Gratuluję ząbka:-)
A to, że dziecko spadło z łożka to żadna katastrofa i na pewno się świadczy o tym, że się jest złą matką! Jak twierdzi moja mama prawdopodobnie każde dziecko kiedyś skądś spadnie i nie można się za to tak obwiniać. Szczęście, ze nic się nie stało, ale maluchy są bardzo elastyczne, nie to co dorosły, że zaraz się połamie;-)
W kwestii słoiczków to ja może i bym kupowała, ale ich skład mi nie odpowiada. Nie dalej jak wczoraj oglądałam w markecie. W co drugim niby po 4 miesiącu jest mleko pełne albo sok winogronowy (a przecież nie każą słodzić i moje dziecko nie zna cukru) albo śmietana albo ryż itp a ja nie chcę nic tych rzeczy podawać. Poza tym te słoiczki są zupełnie bez smaku, pewnie są robione z jakichś przemysłowych warzyw.

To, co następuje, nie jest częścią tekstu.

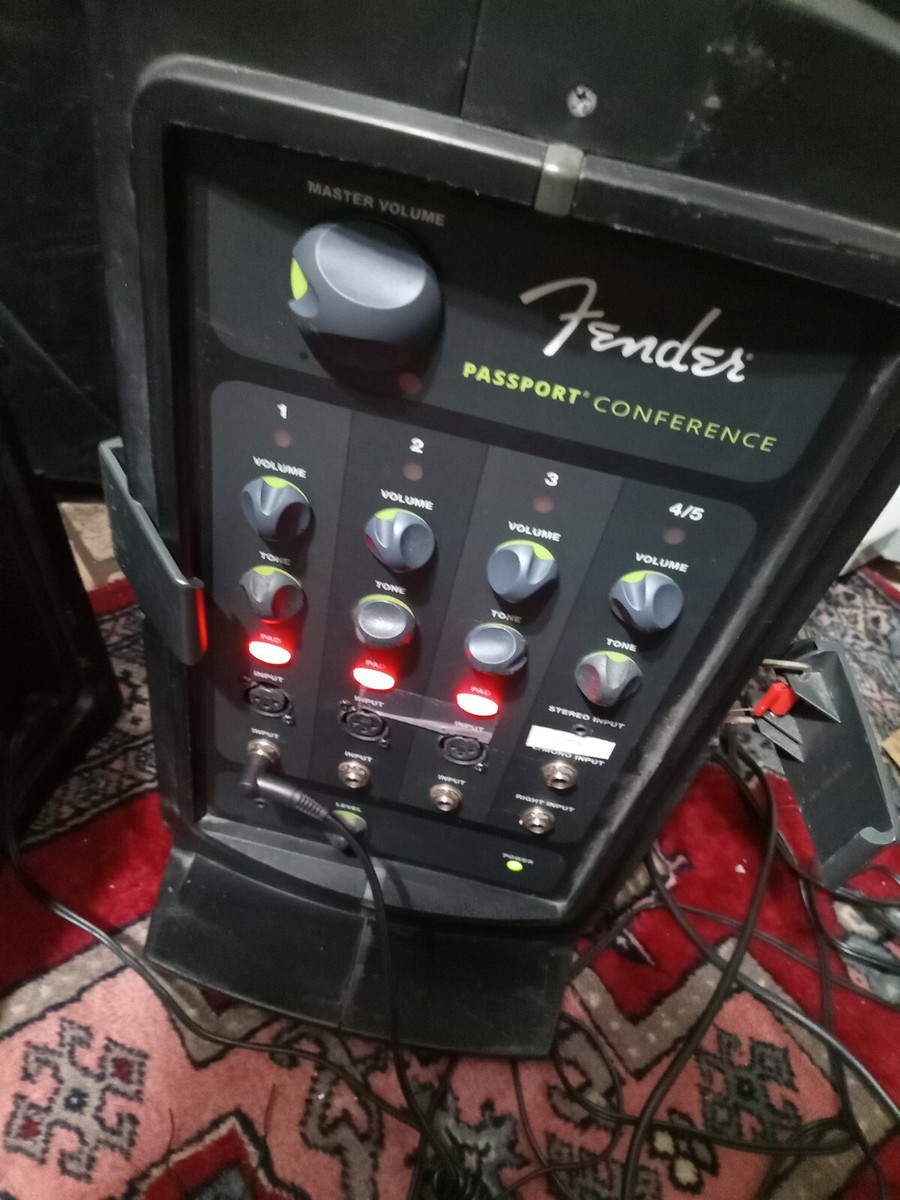 FENDER Passport Conference PR 844 - Portable PA SYSTEM 175 Watt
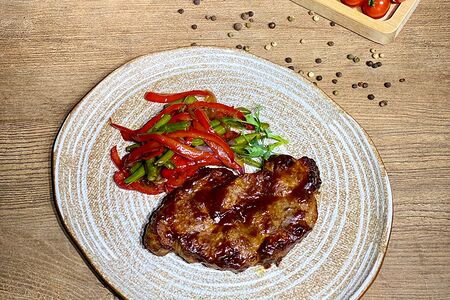 Стейк из свинины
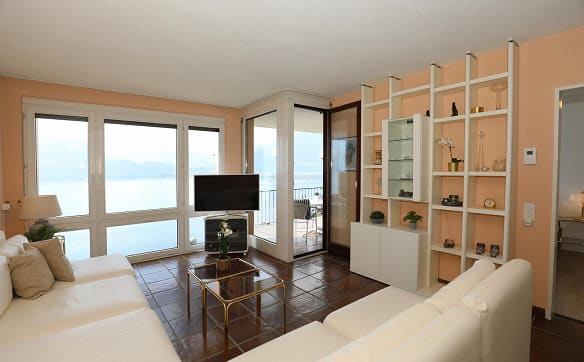 Immobilie in Gerra - 2-Zimmer-Eigentumswohnung mit herrlicher Sicht auf den Lago Maggiore  - Bild 6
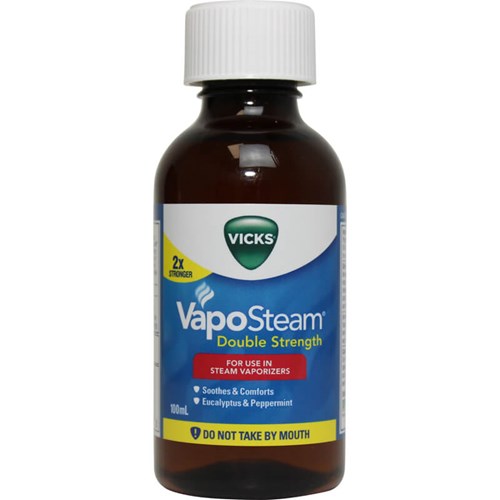 VICKS VapoSteam Double Strength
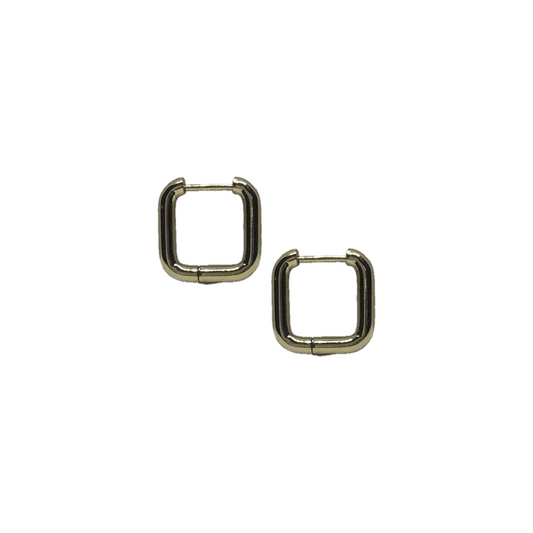 Minimal Square Earrings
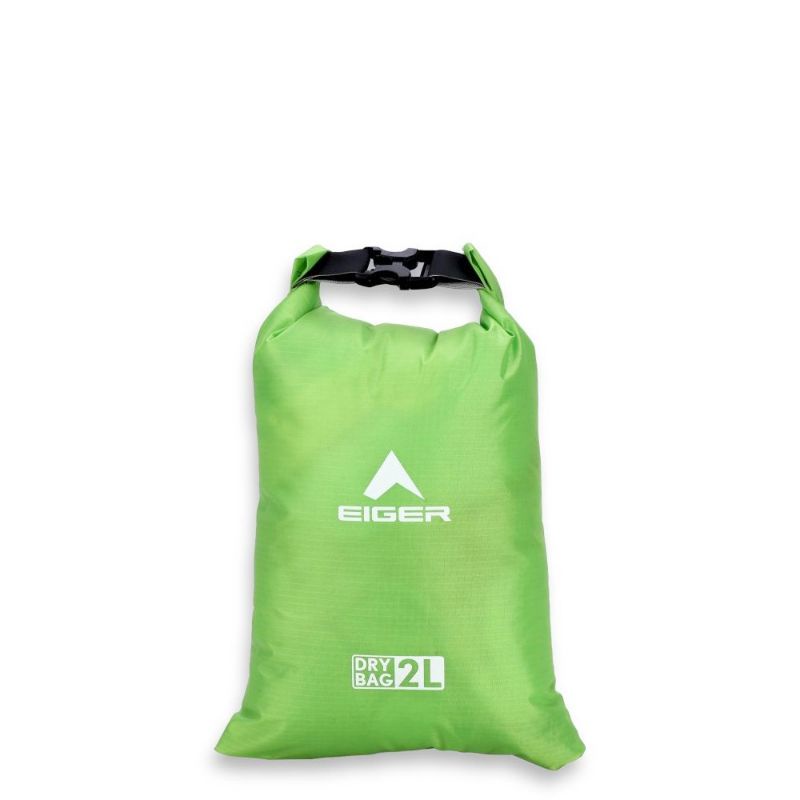 Tas Dry Bag 2L Flat Tas Waterproof Tas Pantai Anti Air Outdoor Eiger1989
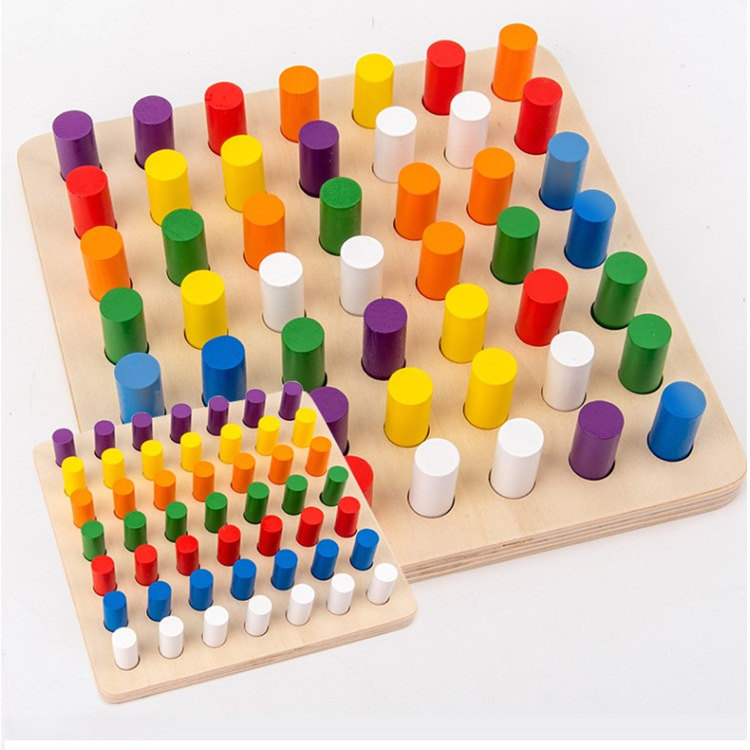 Autismo ojo palo de entrenamiento equipo sensorial de madera concentración educación temprana hogar juguetes de entrenamiento sensorial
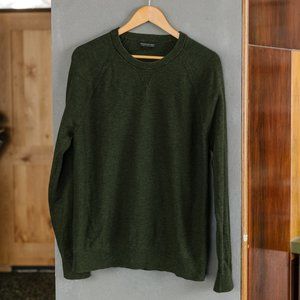 Organic Slub Cotton Sweater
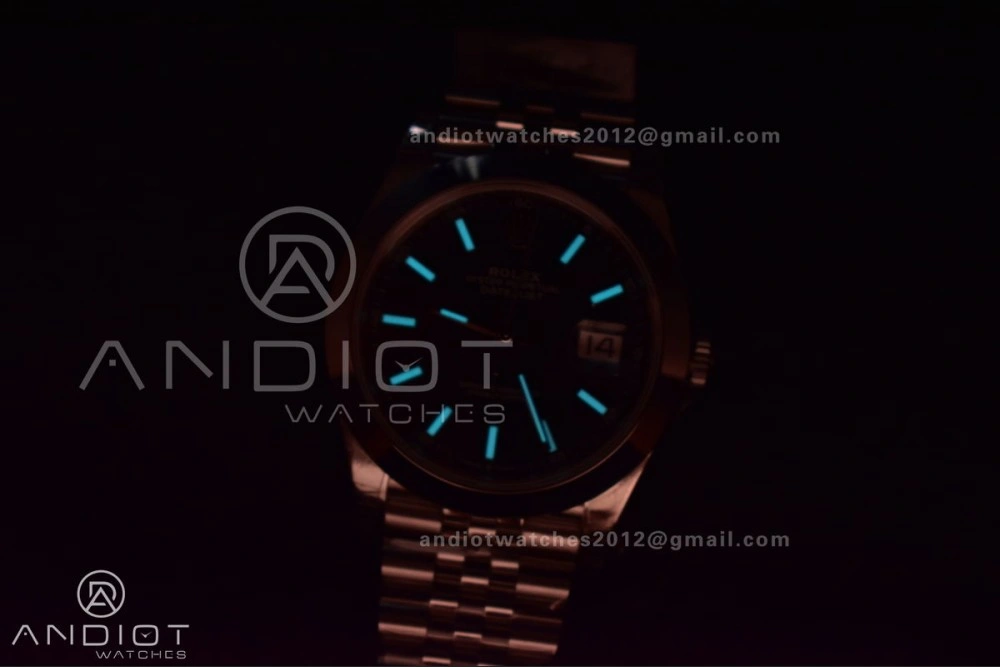 DateJust 41 126300 904L SS VSF 1:1 Best Edition Green Dial On Jubilee Bracelet VS3235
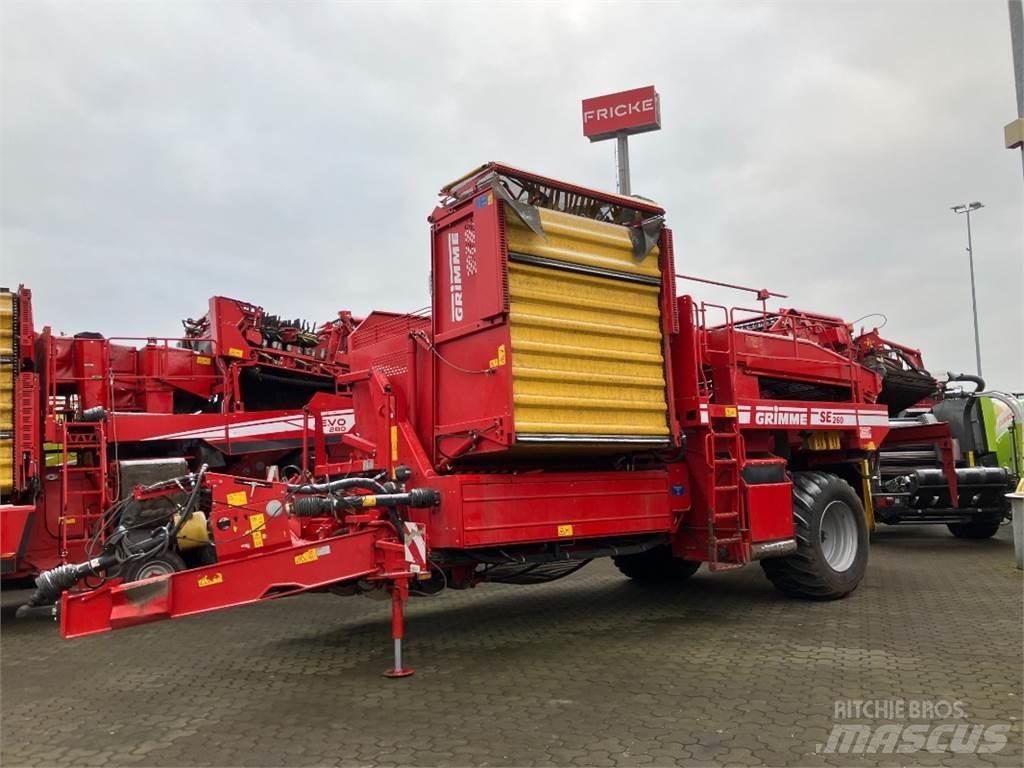 Grimme SE 260 UB Bollenoogstmachines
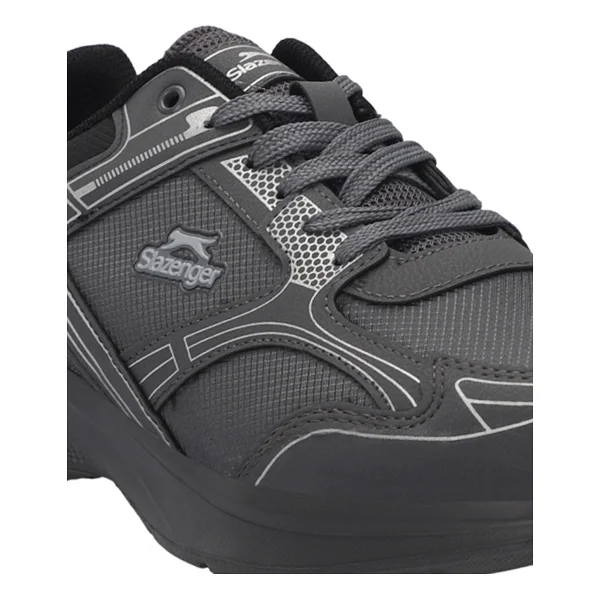 Slazenger Gima Koyu Gri Erkek Sneaker - Görsel 9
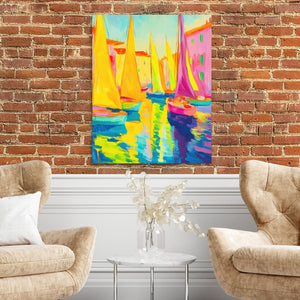 Harbor Kaleidoscope - Luxury Wall Art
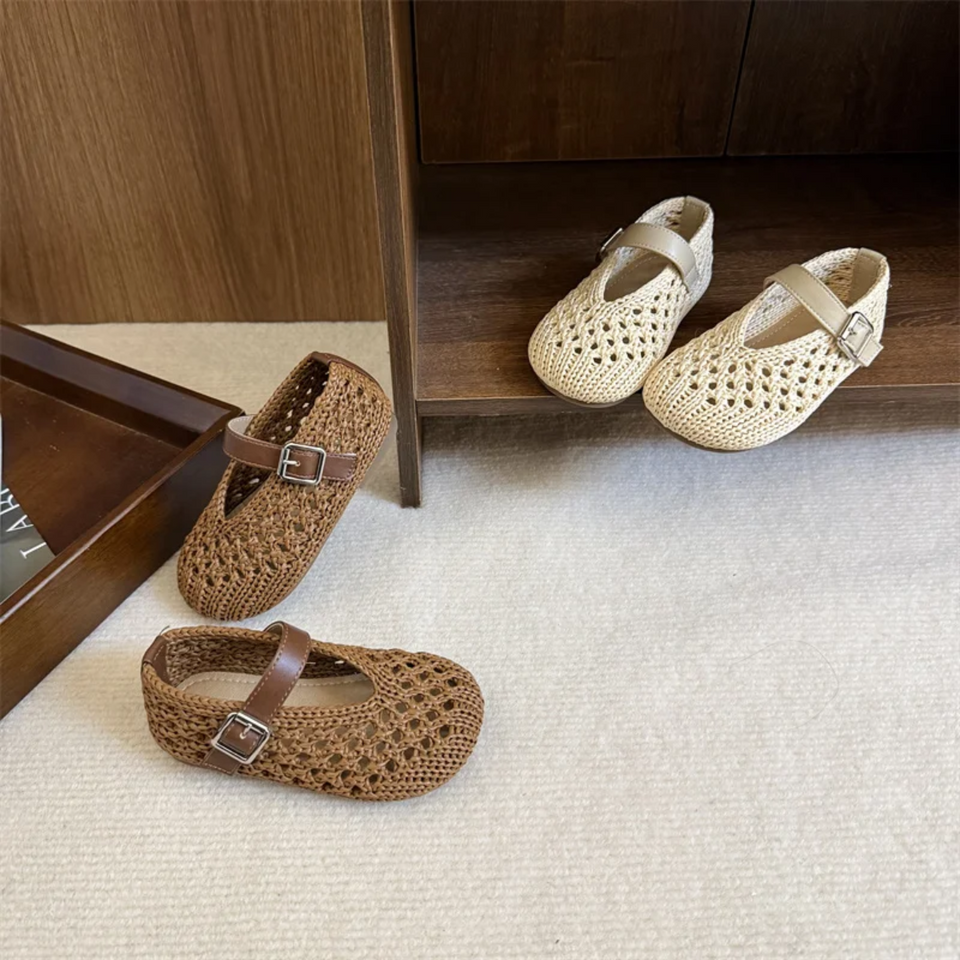 LittleWalkers – Comfort & Ademend – Mary Jane-ballerina's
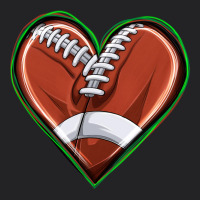 Football Heart Vintage Tee | Teevron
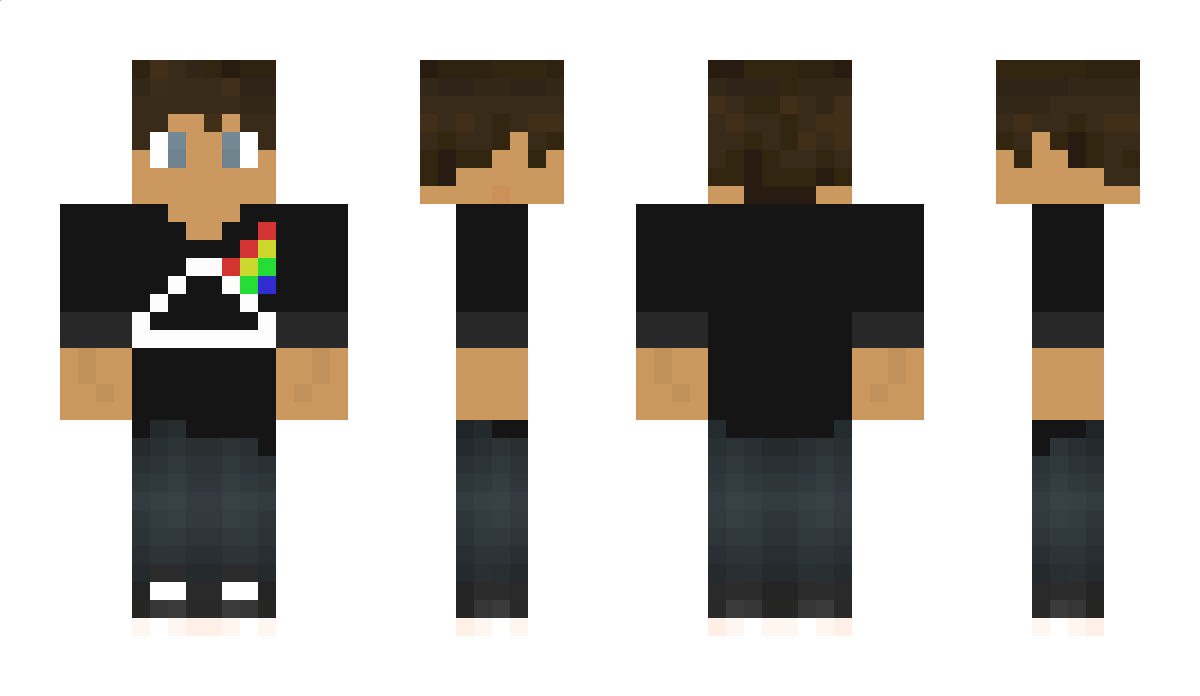 LiBean Minecraft Skin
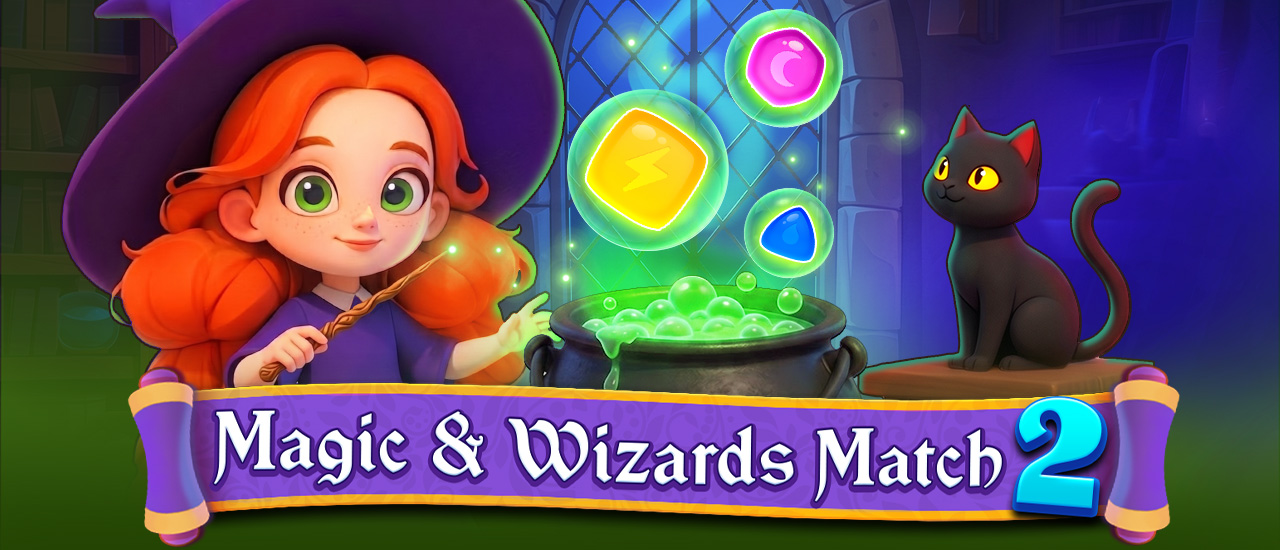Magic & Wizards Match 2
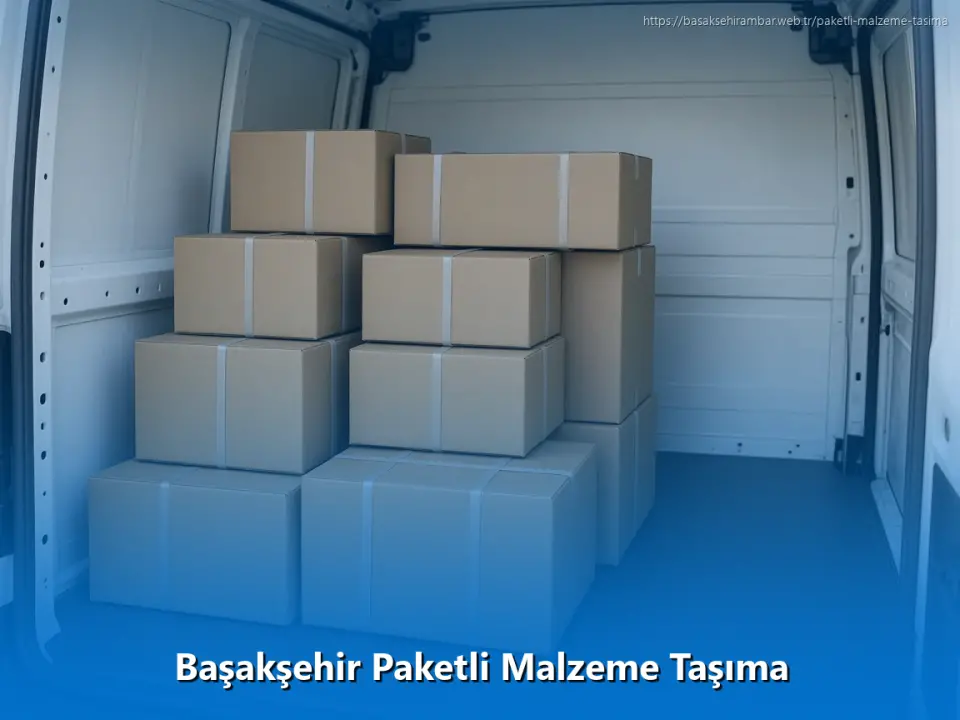 Başakşehir Paketli Malzeme Taşıma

Z drugiej strony natomiast jak mam kupić przetartą marchewkę za 3 zł to wolę sobie ją sama zrobić. 5 minut zajmuje ugotować coś i zmiksować. Ale jeśli będę gdzieś wyjeżdżać to na pewno skorzystam z gotowców. Trzeba złoty środek znaleźć.
Podobnie kaszki - wszystkie są z cukrem. A mój mały cukru w ogóle nie zna, poza słodkimi owocami i pije wodę albo herbatkę niesłodzoną i bądź tu mądra...
Staś na szczęście sam zasypia. Czasem trochę pomarudzi, ale generalnie dokazuje, a potem nagle robi się cicho, patrzę - śpi. Chciałabym tylko, żeby w nocy rzadziej się budził...
W temacie zaparć - dałam wczoraj sok przecierowy z jabłka i marchwi i pomogło:-)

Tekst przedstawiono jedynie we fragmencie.